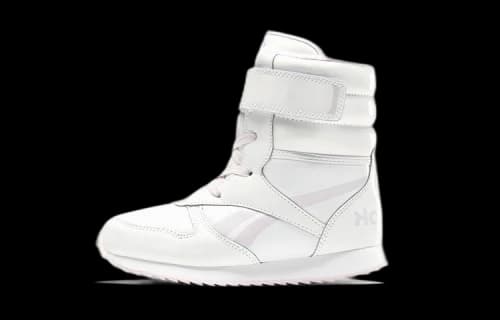 (PS) Reebok Classic Jogger Running Shoes White
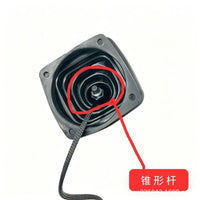 新源拨轮B75s/C95/115国四轮式挖掘机夹木机/抓木机电控操控手柄
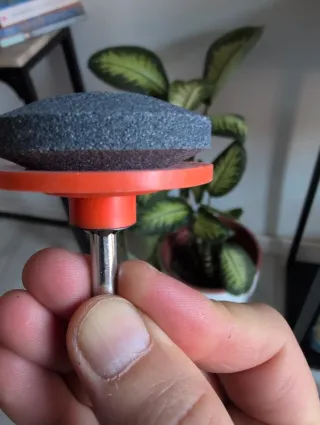 Piedra de afilar / Afilador / cabezal de molienda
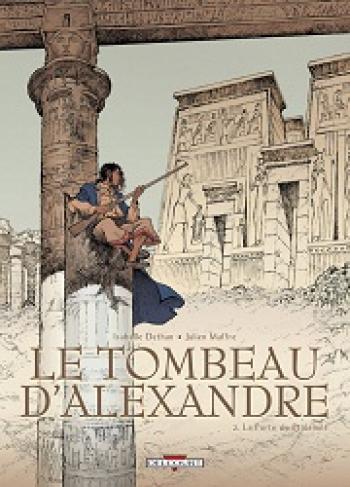 Couverture de l'album Le tombeau d'Alexandre - 2. La porte de Ptolémée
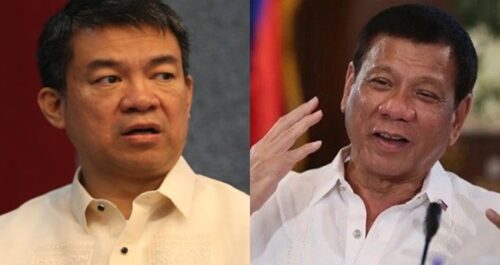 Koko Pimentel, Rodrigo Roa Duterte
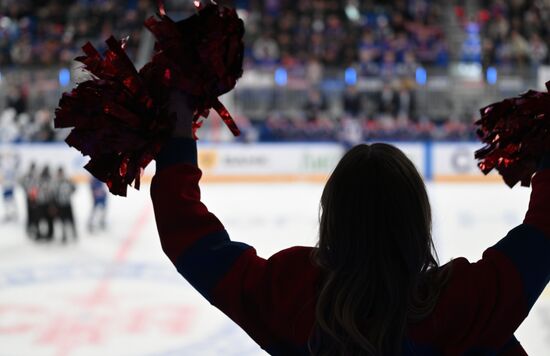 Russia Ice Hockey Kontinental League SKA - Dynamo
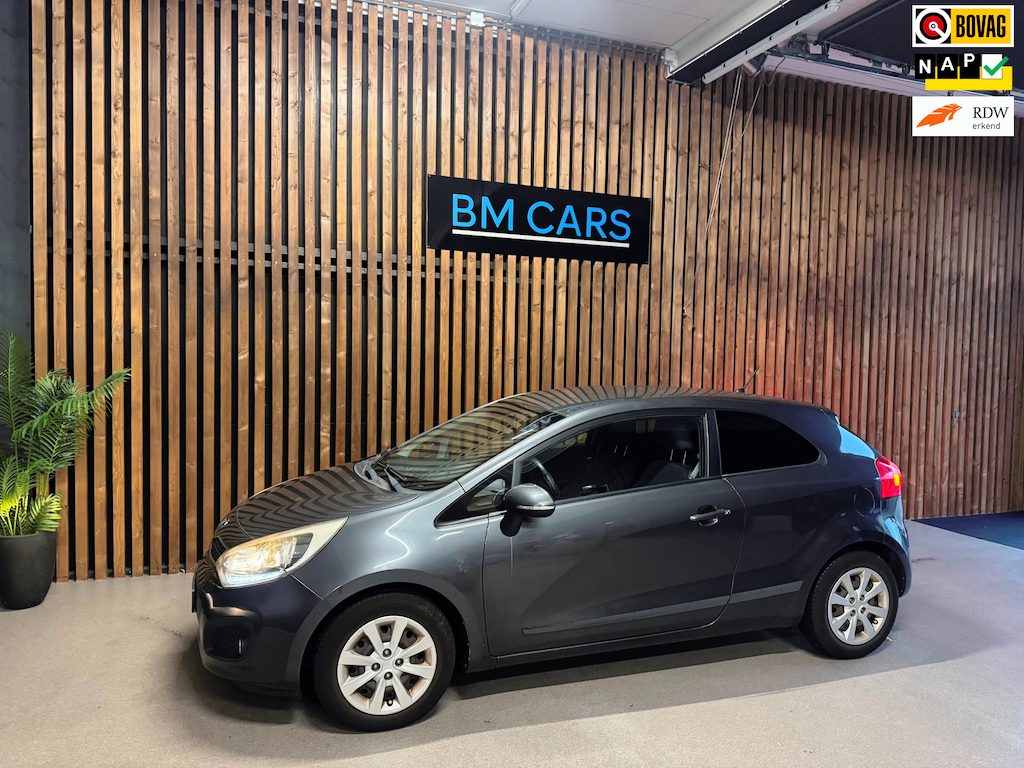 Kia Rio 1.2 CVVT Plus Pack Airco,Led, 1e Eigenaar
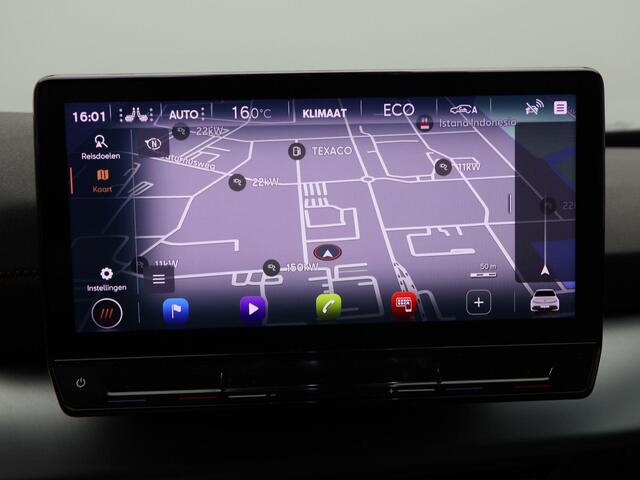 Cupra Born Performance One 62 kWh 204 Pk | Stoelverwarming | Adaptive Cruise | Camera | Climatronic | Navigatie | CarPlay | 19 Inch 79.554 Km !!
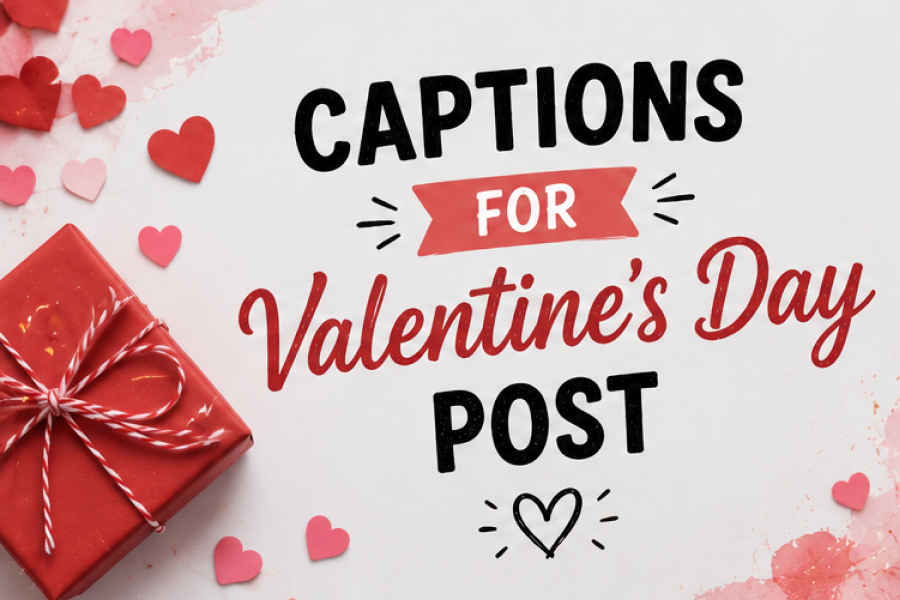 Valentine's Day Captions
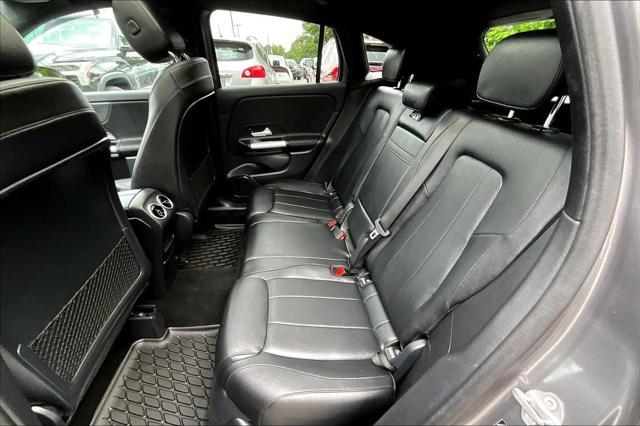 used 2021 Mercedes-Benz GLA 250 car, priced at $26,491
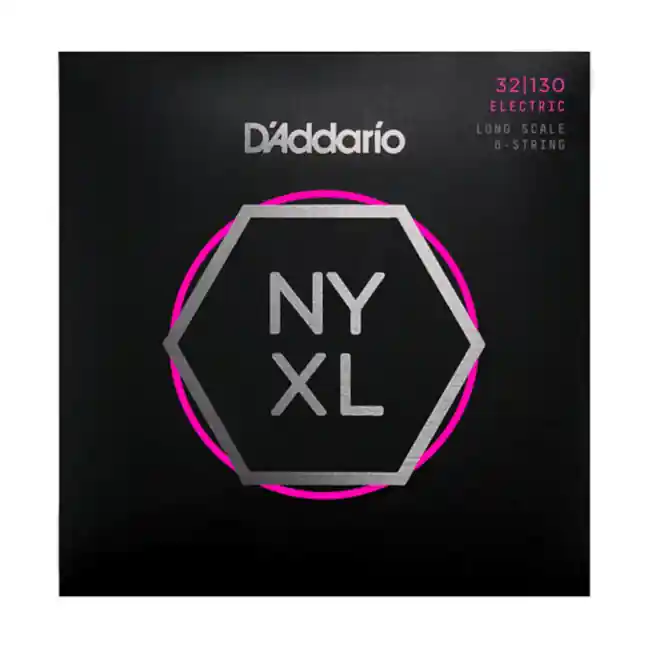 D‘Addario nickel, Regular Light, 6 cordes, 32-130, diapason long Paiement Sécurisé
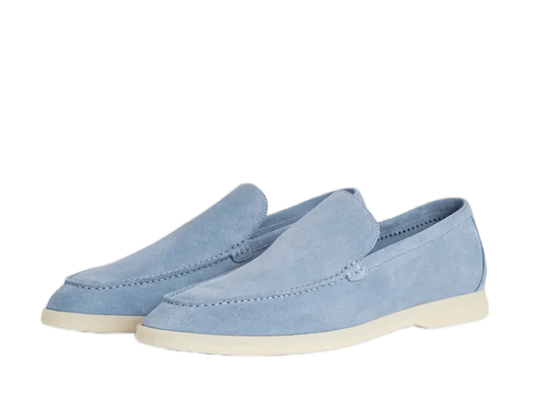 Loro Piana Summer Walk Loafer Suede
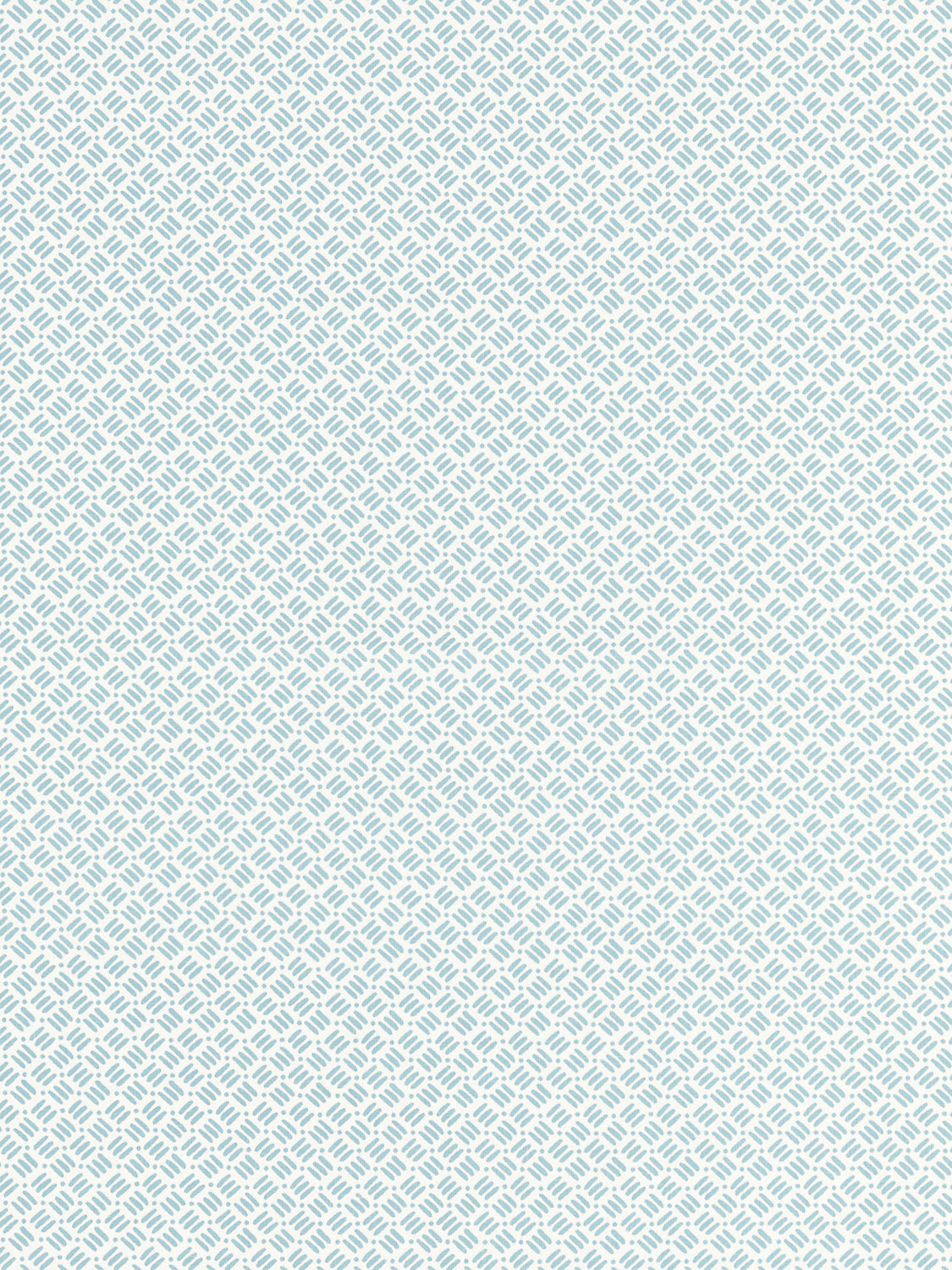 Dash & Dot Print - Sky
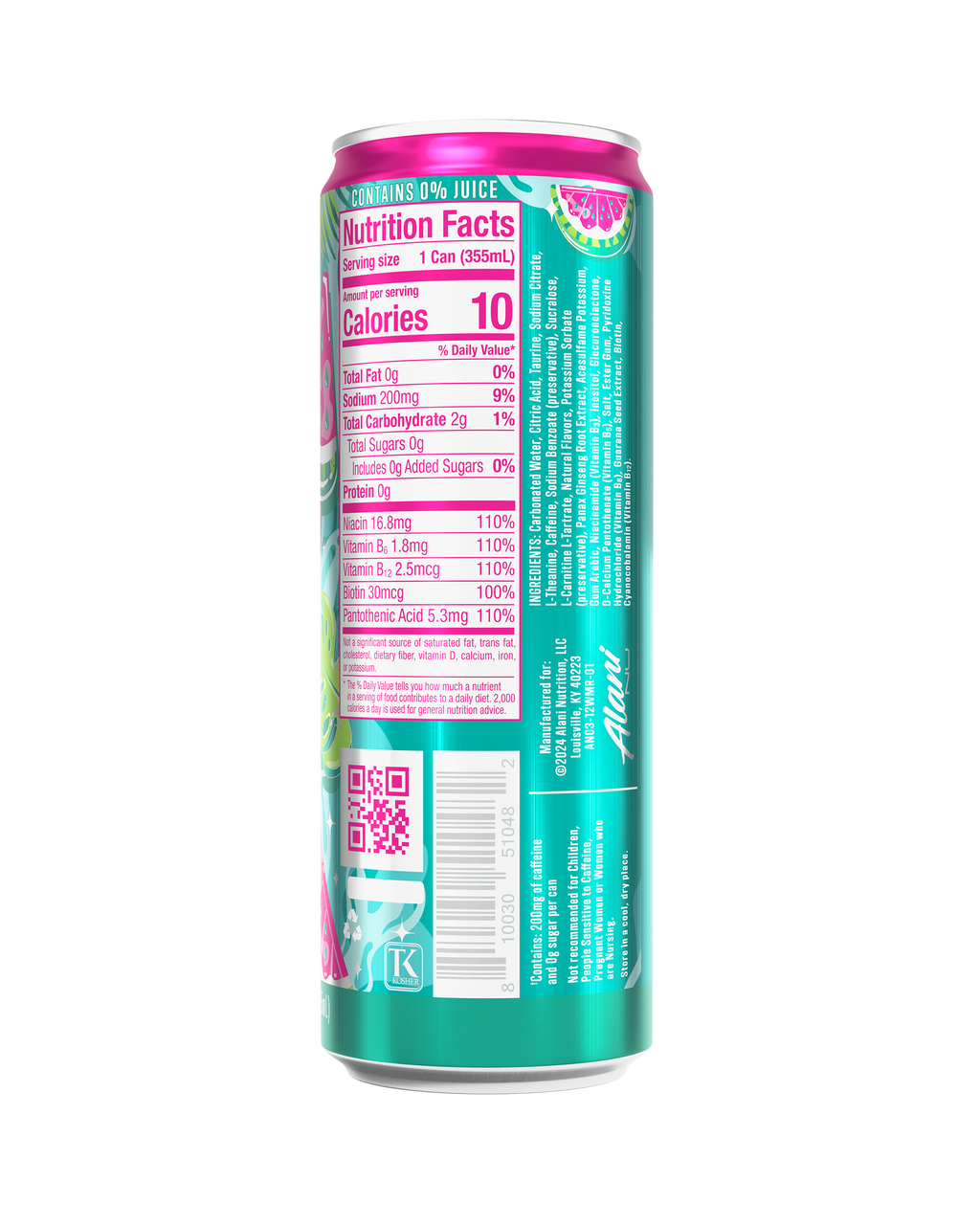 Energy Drink - Watermelon Wave #0259V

[EXERCISE AIM]
Reproduce only the lines between the line with "Valentine's Day Captions" and the final line of the records, both included, so that the copy matches them exactly and contains no pictures.

[RESULT]
 Valentine's Day Captions
 used 2021 Mercedes-Benz GLA 250 car, priced at $26,491
 D‘Addario nickel, Regular Light, 6 cordes, 32-130, diapason long Paiement Sécurisé
 Loro Piana Summer Walk Loafer Suede
 Dash & Dot Print - Sky
 Energy Drink - Watermelon Wave #0259V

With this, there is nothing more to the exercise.